## Task
No pictures belong in the copy. Restate the rest of the data exactly.

## Supplied material
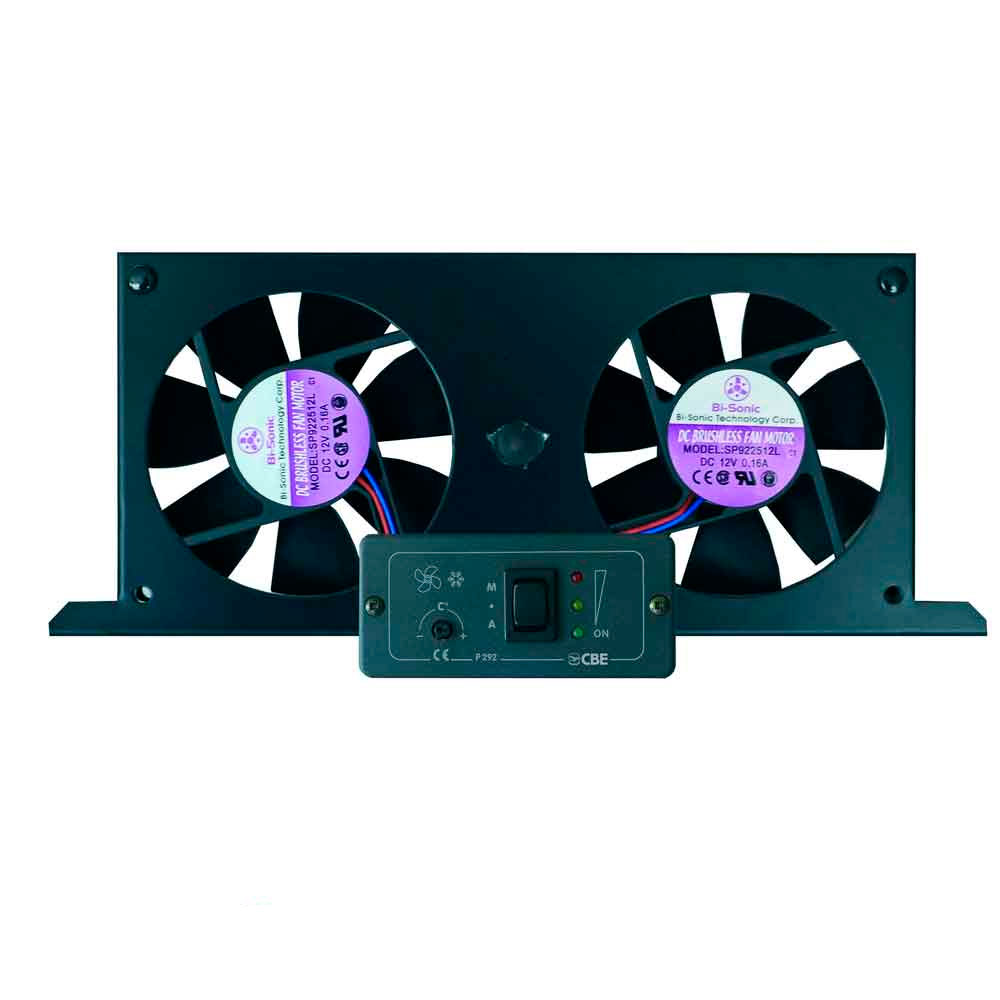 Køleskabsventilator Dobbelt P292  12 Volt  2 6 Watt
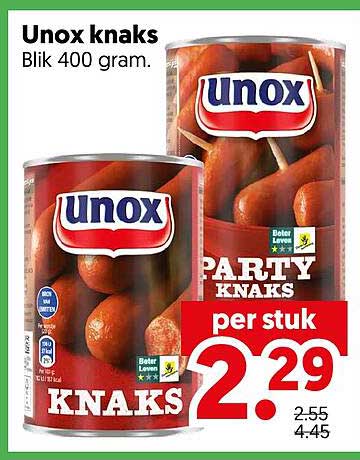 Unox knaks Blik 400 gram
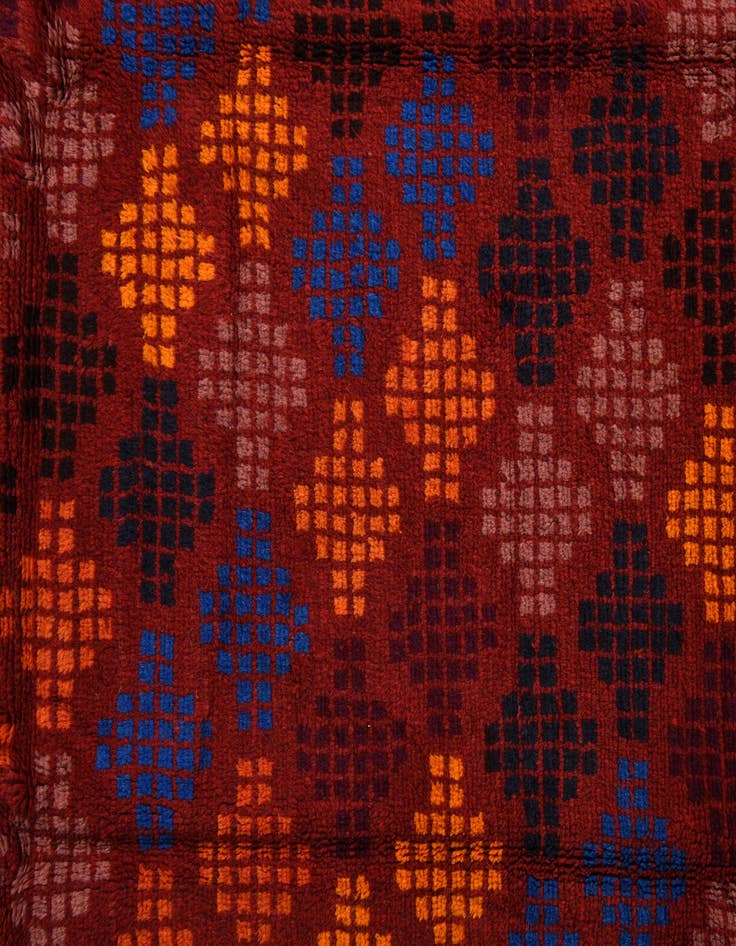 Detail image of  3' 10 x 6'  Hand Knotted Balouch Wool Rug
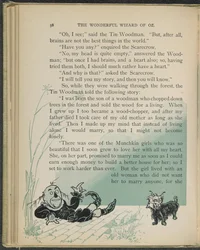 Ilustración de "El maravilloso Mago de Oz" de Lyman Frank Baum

## Solution
 Køleskabsventilator Dobbelt P292  12 Volt  2 6 Watt
 Unox knaks Blik 400 gram
 Detail image of  3' 10 x 6'  Hand Knotted Balouch Wool Rug
 Ilustración de "El maravilloso Mago de Oz" de Lyman Frank Baum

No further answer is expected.